## Problem to solve
The lines to reproduce from the material below are those from the one containing "New 2026 Ford Ranger Truck" through the one containing "iPad Mini? Huawei", both included; write them out exactly and add nothing.

## Records to process
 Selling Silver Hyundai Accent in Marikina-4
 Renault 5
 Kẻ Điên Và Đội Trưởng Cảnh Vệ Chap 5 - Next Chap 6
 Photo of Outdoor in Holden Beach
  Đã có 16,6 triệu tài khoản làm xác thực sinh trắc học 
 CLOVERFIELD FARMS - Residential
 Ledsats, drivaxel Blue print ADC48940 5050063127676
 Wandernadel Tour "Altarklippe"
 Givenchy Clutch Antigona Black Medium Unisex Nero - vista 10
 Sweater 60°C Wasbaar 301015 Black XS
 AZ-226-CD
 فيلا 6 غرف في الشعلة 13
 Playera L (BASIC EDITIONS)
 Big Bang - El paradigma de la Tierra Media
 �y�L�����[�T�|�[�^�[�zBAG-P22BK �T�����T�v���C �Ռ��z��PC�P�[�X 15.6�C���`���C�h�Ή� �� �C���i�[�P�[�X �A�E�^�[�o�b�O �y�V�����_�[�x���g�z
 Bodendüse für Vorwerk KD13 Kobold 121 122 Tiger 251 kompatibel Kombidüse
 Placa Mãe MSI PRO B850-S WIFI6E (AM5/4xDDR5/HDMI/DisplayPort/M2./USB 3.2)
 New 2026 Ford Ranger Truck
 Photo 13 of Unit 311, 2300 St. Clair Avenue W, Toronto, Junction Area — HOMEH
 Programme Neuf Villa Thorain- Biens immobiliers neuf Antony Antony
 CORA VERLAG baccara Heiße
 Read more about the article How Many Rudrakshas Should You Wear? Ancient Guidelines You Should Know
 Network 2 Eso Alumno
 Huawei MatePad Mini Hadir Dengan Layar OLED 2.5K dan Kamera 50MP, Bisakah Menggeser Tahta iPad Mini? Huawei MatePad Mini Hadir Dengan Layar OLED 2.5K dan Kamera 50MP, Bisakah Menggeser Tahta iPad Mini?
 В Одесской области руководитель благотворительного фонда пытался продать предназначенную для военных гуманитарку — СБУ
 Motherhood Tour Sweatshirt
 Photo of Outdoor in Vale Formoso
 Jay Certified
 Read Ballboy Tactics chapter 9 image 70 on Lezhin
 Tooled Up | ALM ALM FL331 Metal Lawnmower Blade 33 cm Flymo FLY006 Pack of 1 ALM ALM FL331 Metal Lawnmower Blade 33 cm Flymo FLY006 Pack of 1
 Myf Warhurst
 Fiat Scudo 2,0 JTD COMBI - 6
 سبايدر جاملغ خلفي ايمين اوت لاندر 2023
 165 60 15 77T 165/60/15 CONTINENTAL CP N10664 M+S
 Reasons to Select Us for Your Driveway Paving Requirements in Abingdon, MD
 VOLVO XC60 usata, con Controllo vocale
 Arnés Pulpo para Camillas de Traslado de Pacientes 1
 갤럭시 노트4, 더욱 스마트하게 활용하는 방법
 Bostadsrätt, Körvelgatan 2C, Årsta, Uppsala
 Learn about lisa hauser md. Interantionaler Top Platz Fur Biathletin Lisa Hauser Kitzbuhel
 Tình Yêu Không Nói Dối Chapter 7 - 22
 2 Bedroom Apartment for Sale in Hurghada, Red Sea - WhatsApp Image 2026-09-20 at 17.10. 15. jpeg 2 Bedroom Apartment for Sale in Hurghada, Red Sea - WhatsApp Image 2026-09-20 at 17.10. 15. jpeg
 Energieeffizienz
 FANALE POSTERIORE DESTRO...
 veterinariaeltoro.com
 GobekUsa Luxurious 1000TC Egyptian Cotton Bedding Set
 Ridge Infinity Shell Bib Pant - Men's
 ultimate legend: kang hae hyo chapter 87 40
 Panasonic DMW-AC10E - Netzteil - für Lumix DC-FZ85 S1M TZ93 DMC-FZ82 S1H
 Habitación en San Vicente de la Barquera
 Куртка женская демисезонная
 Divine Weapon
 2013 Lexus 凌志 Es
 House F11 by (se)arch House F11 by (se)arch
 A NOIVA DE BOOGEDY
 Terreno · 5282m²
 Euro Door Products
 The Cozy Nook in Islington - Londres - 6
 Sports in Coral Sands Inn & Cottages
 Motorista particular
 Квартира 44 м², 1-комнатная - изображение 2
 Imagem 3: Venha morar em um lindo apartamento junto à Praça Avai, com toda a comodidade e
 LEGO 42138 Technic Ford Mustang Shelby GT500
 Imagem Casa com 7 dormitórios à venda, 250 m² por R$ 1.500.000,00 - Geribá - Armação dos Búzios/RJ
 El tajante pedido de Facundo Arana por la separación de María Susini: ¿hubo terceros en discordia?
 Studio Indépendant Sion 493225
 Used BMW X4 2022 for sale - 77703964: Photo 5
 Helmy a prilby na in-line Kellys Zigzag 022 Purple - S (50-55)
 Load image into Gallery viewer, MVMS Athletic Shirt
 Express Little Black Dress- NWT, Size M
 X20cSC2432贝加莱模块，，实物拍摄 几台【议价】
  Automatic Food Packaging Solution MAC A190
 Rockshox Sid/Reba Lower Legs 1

## Solution
 New 2026 Ford Ranger Truck
 Photo 13 of Unit 311, 2300 St. Clair Avenue W, Toronto, Junction Area — HOMEH
 Programme Neuf Villa Thorain- Biens immobiliers neuf Antony Antony
 CORA VERLAG baccara Heiße
 Read more about the article How Many Rudrakshas Should You Wear? Ancient Guidelines You Should Know
 Network 2 Eso Alumno
 Huawei MatePad Mini Hadir Dengan Layar OLED 2.5K dan Kamera 50MP, Bisakah Menggeser Tahta iPad Mini? Huawei MatePad Mini Hadir Dengan Layar OLED 2.5K dan Kamera 50MP, Bisakah Menggeser Tahta iPad Mini?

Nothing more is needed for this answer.